The brokenness of our world is not hard to miss. We experience it in our personal lives, and we experience it on a bigger level within the social and political spheres of our world. Even our children recite words that address brokenness:
Humpty Dumpty sat on a wall
Humpty Dumpty had a great fall
All the king’s horses and all the king’s men couldn’t put Humpty together again
This familiar nursery rhyme captures the idea of a brokenness that exists in our world which cannot be fixed.
But that is NOT the story of our faith. The story of the Bible tells of a powerful God who is able to make the broken unbroken. He alone is capable of taking what is broken and fixing it until it’s whole again.
This is good news! News that the world around us desperately needs to hear. Broward county has a population of 1.9 million people. A one-mile radius surrounding our church building holds 112,000 people. Our church property is located on the tip of 4 different cities that contain more brokenness than we could ever know how to fix. God wants us to see South Florida through his eyes and to love it. Yes— you read that right— love it! Everybody loves to hate South Florida— the heat, the traffic, the unfriendly people, the huge bugs and the pre-historic reptiles. But this is where we live, and if this is where we live, then this is where we’re called.

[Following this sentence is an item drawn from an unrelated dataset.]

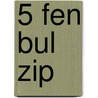 5 Fen Bul Zip door K. de Baar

In the Old Testament, God’s people were in a similar situation but much worse off than we are. The Israelites were conquered by the Babylonians and taken away from their homeland to live in enemy territory. Imagine how hard it would be to love the place where you live in that situation. God intervenes by sending his people a letter through the prophet Jeremiah. If you were there, what would you hope to read in a letter from God? We would probably want to hear God say that he’s coming to rescue us, that we won’t be here long and that soon this messed up situation will be fixed and we could return home.
God says something very different, maybe even opposite of what the Israelites may have been expecting. He tells them to settle in. He tells them to build houses and live in them, plant gardens and eat of their produce. He tells them to marry the people of the land, to have children and marry them off so they could have children. In other words, he’s telling them, “You’re gonna be here for a while.”
The language in this passage is vastly different from our Amazon Prime, same-day delivery culture. The language of this passage is agricultural, generational, long-form. God sees the future and knows what’s best. He calls his people to be at home in the place where he has sent them (verse 4). We believe that God is calling us to the same purpose. He is calling us to SHIFT, SEEK and SHALOM.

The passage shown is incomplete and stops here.